また、タイヤ外径が大きくなった分、同じギア比でも最高速度が伸びました。私は既に「アウター×トップ」までギアを回し切っていたので、もう少しだけ踏めるようになりました。
脚を休められるようになった
タイヤ外径が大きくなったことで、転がり抵抗が小さくなり、慣性モーメントもわずかに大きくなりました。そのため、ペダリングの脚を止めても速度の低下が緩やかで、脚を休めて惰性で走れる場面が増えました。
よりツーリング向きの特性になった
いままでよりも「高い速度の維持」や「一定速度での走行」がしやすい特性を獲得し、体力の温存が利くようになったので、ツーリングやロングライドにより適した性能バランスになったと言えるでしょう。

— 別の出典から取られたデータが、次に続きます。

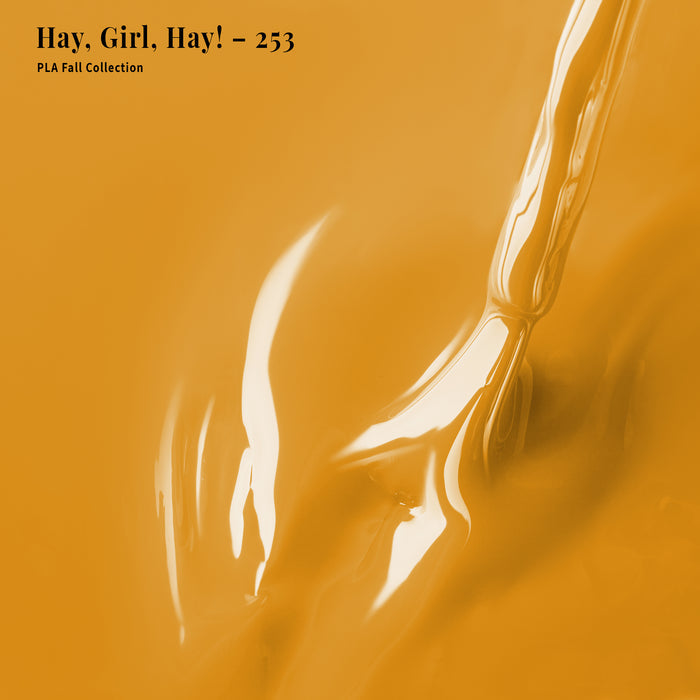 Hay, Girl, Hay! - 253 - Lacquer Polish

そもそも「ニューワールドツーリスト」は、その名の通り「旅する自転車」なので、ほかの多くのミニベロと比べて長距離走行などは楽なほうです。そして、その走行性能を更に引き上げることができたと思います。
「451化」のデメリット
「451化」には、次のようなデメリットもありました。
加速が鈍くなった
ホイール径が大きくなった分、ミニベロ特有の素早い軽快な加速感が薄れました。同じギア比でも、ペダリングが今までより重く感じます。
停止状態からの「漕ぎ初め」や「走行中の加速」など、加速するすべての場面でいままでよりも「もたつく」感じがあり、加速時のフィーリングは今までとはまるで別の自転車の様です。
低速ギアを1枚失ったような状態に
タイヤ外径が大きくなった分、同じギア比でもホイール1回転あたりの進む距離が伸びました。これにより、全てのギアが1段階高くなり、低速ギアを1枚失ったような状態です。

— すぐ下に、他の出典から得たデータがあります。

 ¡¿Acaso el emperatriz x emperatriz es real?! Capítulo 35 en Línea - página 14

急な登坂など、ギアのロー側を使い切るような場面では、1枚分重たくなるとなかなか辛いです。
段差・縦溝に弱くなった
451化にともなってタイヤが細くなった分、タイヤによる衝撃吸収性が低下しました。いままで特に気にする必要が無かった場所でも、ある程度大きな段差には十分に減速してから進入する必要が出てきました。
また、スポーツ自転車の大敵である「路面の縦溝」にタイヤが敏感に反応するようになり、いままでよりも注意が必要です。さらに、縦に穴が開いた「側溝の蓋」は確実に回避する必要があります。
街乗りがしんどくなった
加速が鈍くなった分、「ストップ&ゴー」や加速にいままでよりも体力を使います。また、451化にともなってタイヤが細くなったので、歩道の段差など今まで気にならなかった「路面の変化」にも気をつける必要が出てきました。
街乗りではストップ&ゴーや段差は避けられないので、「451化」したことによって、街乗りでの快適性は今までより少し損なわれたように思います。
「451化」 その他の変化
ポジションが高くなった
タイヤ外径が大きくなった分、ハブの位置が高くなり、フレーム・BB・サドル等自転車全体の位置が15mm程度高くなりました。
これにより、立ち漕ぎ時の感覚が今までとは異なり、違う自転車に乗ったような違和感があります。また、前方投影面積が大きくなったので、空気抵抗が一定レベルで増加しているはずです。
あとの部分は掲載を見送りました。